Currie’s biggest black mark here in general has been his deference to the Big 12 Conference on sportsmanship issues and high-handed response to student behavior at games. Apologizing to the Big 12 over KU’s delicate sensibilities regarding court storming and band formations was unnecessary. And while certain chants during certain songs directed a certain universities with delicate sensibilities are unnecessary and reflect poorly on the students … they’re students. Currie’s approach was ineffective and condescending.
Returning to our original criteria, let’s evaluate Currie in each area. K-State has won conference titles in three major sports during his tenure. But two were won by inherited coaches and the other by a coach who’s proven less effective than his predecessor in the long run. That hire was a failure as much because of who he ran off as who he hired, and the other hire is a qualified success.
Financially, Currie’s tenure is an unqualified success. But given the nature of revenue in this industry, Currie’s credit for the actual revenue generation is partial. Maintaining a balanced budget and a reserve fund goes in his credit ledger.

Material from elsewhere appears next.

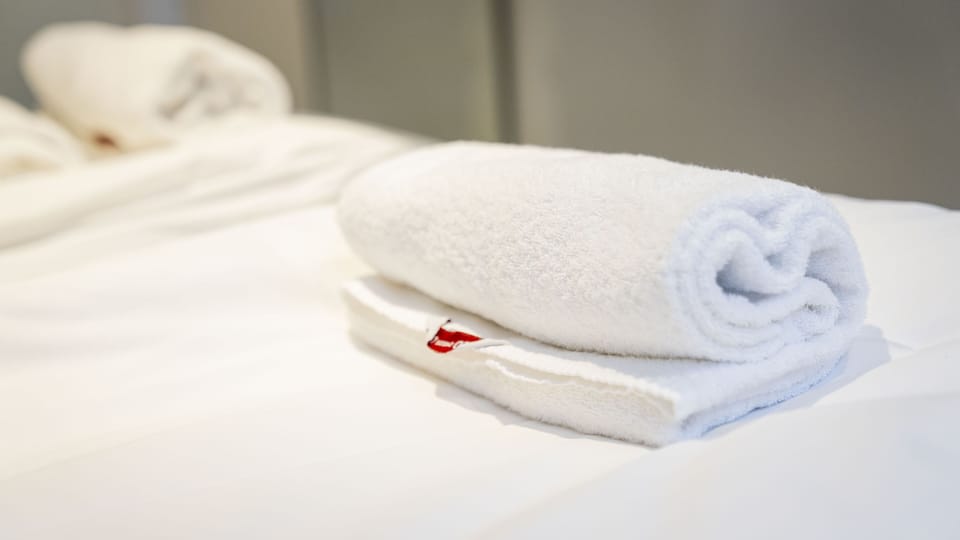 Economy Double Room, Shared Bathroom | Individually furnished, desk, laptop workspace, blackout drapes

And while Currie has maintained a compliant department free of NCAA violations or other scandals, the balance tipped a bit too far in the other direction. The other general items were irritating, but ultimately didn’t affect the overall athletic department significantly.
Overall, Currie earns a B- from me, with the Martin and Underwood situations causing the biggest downgrade. K-State fans seem mostly happy with his departure, but will do well to remember that an athletic department can be run a lot worse than Currie’s. It was probably time for Currie to go, given the general sense that he’s been looking for a job at a bigger school for a while and the current basketball malaise. But his contributions to K-State athletics were not insignificant.